Now, back to where I was heading when I first started writing this epic. Another guest speaker they had was Paul Curley (HEY!). This, if I remember correctly was the last banquet they had. Paul spoke a bit on his rather extensive racing career and then dedicated the rest of his address to his training philosophy. At one point, he mentioned 'fixed-gear' and 'mountain biking' in the same sentence. They served beer at the SoI hall, and I wasn't quite sure that I had heard him correctly. So I raised my hand and asked "did you just say you went mountain biking on a fixed gear?"
He replied "yes".
Again, having made a few trips to the bar, I'm not exactly sure what I said, but I know it was something along the lines of "that's fucked!"
This flustered Paul somewhat, but he continued with his presentation. I'm sure I feel asleep.
Fast forward about 17 years.

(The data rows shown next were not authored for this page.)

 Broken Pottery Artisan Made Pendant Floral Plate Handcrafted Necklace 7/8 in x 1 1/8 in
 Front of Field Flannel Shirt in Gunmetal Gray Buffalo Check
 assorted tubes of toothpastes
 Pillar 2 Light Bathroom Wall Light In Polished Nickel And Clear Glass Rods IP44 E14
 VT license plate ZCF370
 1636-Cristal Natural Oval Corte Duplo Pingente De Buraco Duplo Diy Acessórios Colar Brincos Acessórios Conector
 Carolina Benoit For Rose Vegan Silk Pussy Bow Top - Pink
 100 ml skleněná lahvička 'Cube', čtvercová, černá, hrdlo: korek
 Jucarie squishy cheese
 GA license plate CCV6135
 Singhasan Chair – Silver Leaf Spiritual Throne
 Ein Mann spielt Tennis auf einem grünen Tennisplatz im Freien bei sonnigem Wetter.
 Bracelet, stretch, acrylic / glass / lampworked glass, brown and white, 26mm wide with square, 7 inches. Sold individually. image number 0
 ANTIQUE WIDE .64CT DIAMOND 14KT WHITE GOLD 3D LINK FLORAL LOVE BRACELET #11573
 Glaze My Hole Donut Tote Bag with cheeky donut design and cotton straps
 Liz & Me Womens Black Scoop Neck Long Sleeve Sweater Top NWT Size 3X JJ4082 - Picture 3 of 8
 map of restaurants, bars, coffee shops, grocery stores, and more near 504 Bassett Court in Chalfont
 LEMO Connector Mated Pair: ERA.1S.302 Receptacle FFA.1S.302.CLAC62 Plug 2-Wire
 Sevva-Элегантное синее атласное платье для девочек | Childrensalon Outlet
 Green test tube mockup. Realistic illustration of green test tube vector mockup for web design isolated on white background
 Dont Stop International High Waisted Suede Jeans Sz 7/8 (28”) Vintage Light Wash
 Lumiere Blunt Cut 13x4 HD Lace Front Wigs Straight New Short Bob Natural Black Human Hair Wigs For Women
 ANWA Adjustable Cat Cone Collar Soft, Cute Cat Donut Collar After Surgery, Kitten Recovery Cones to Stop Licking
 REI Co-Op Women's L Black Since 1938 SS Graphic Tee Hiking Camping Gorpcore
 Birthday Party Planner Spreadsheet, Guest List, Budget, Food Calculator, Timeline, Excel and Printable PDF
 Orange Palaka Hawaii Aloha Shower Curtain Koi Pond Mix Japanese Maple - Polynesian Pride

MTB racing has peaked and declined. If you have a single speed mtb, you're cool. If you have a single speed 29'r, you're _uber_ cool. And, I guess now, if you have a _fixed_ 29'r, you're so fucking cool that thick mud solidifies as you approach allowing you to glide effortlessly through, coors light cans turn blue as you ride by, and hot chicks nipples stand out when you're in the vicinity.
I say this only partially toungue in cheek. Back in the day I was thoroughly ridiculed for wearing black/brown/beige dress socks when arriving for afternoon rides after work, even though I folded them over to resemble 'crew' socks (I remember a clause in the USCF manual as late as 1989 stating "socks will be white, shorts will be black. A thigh panel with the sponsors name will be allowed"). Now, white socks are totally gay, and the uber cool wear fucking argyle.
Now, certain bloggers fully embrace the off-road fixed-gear trend. These people are far more prolific as bloggers, racers, and slackers than I. While I ridicule the off-road fixed-gear rider for coming to the party 20 years after paul curley was using it as a spartan training regimen, I envy them for my inability to jump in with both feet due to pragmatic commitments of my own doing.
I sincerely hope that off-road fixed-gear competition becomes at least as successful as off-road single-speed competition has become. I won't be doing it, I'll have respect for those that _do_ embrace it, but I still think it's fucked.